EC2, of course, has many more instance families and classes other than the t2, almost all of which are more "powerful" (or better equipped for certain tasks) than these, but also much more expensive. But for meaningful comparisons, the 512 MiB Lightsail instance appears to be completely equivalent in specifications to the similarly-priced t2.nano, the 1GiB is a t2.micro, the 2 GiB is a t2.small, etc.

Lightsail is a lightweight, simplified product offering -- hard disks are fixed size EBS SSD volumes, instances are still billable when stopped, security group rules are much less flexible, and only a very limited subset of EC2 features and options are accessible.

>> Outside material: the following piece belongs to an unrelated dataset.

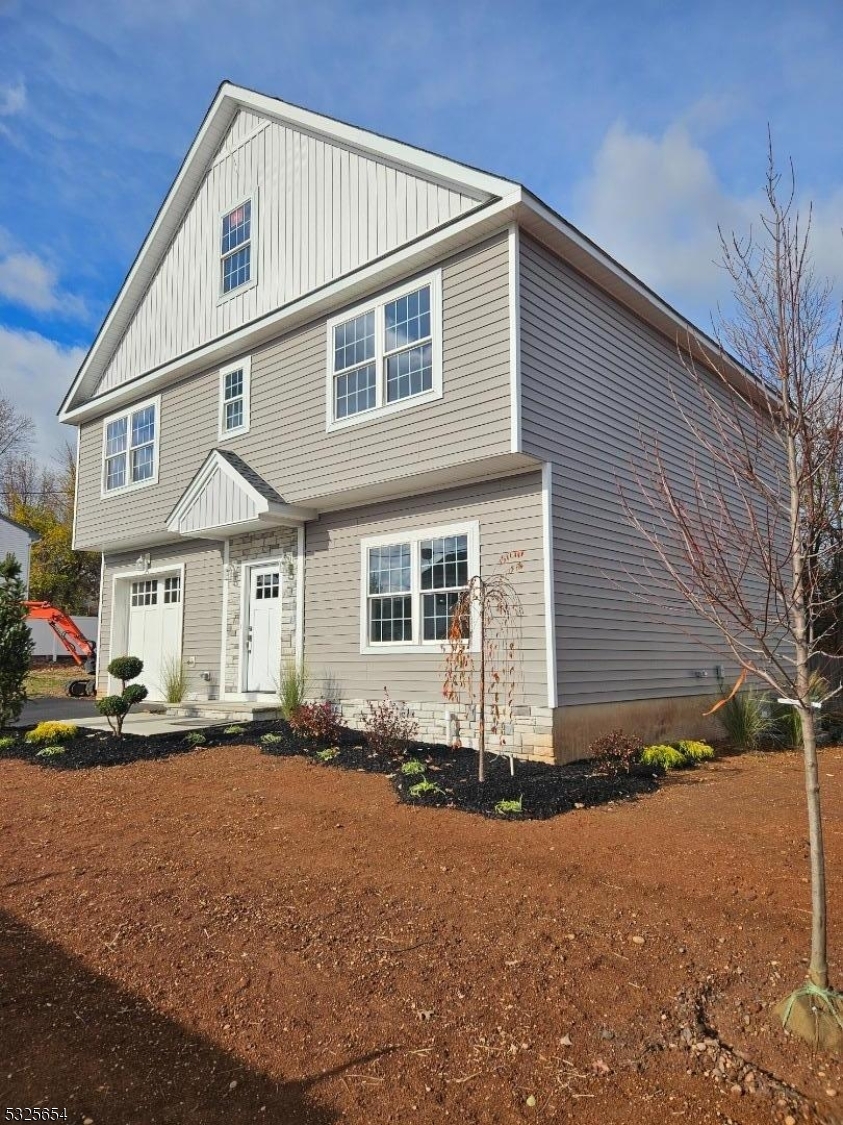 Property Photo:  355 Cobb Way  NJ 07001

It also has a dramatically simplified console, and even though the machines run in EC2, you can't see them in the EC2 section of the AWS console. The instances run in a special VPC, but this aspect is also provisioned automatically, and invisible in the console. Lightsail supports optionally peering this hidden VPC with your default VPC in the same AWS region, allowing Lightsail instances to access services like EC2 and RDS in the default VPC within the same AWS account.²

Bandwidth is unlimited, but of course free bandwidth is not -- however, Lightsail instances do include a significant monthly bandwidth allowance before any bandwidth-related charges apply.³ Lightsail also has a simplified interface to Route 53 with limited functionality.

But if those sound like drawbacks, they aren't. The point of Lightsail seems to be simplicity. The flexibility of EC2 (and much of AWS) leads inevitably to complexity. The target market for Lightsail appears to be those who "just want a simple VPS" without having to navigate the myriad options available in AWS services like EC2, EBS, VPC, and Route 53. There is virtually no learning curve, here. You don't even technically need to know how to use SSH with a private key -- the Lightsail console even has a built-in SSH client -- but there is no requirement that you use it. You can access these instances normally, with a standard SSH client.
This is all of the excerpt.